#### Exercise brief:
Set down the material exactly as given, please, from its first line through the line that includes "Температурная зависимость сопротивления".

#### Input data:
§

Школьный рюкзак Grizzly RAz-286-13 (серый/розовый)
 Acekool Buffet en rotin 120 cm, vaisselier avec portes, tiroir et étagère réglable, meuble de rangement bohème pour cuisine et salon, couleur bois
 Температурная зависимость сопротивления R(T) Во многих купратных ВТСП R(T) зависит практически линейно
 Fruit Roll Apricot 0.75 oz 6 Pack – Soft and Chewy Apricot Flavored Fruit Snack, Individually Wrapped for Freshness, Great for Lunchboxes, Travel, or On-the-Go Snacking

§

#### Expected answer:
Школьный рюкзак Grizzly RAz-286-13 (серый/розовый)
 Acekool Buffet en rotin 120 cm, vaisselier avec portes, tiroir et étagère réglable, meuble de rangement bohème pour cuisine et salon, couleur bois
 Температурная зависимость сопротивления R(T) Во многих купратных ВТСП R(T) зависит практически линейно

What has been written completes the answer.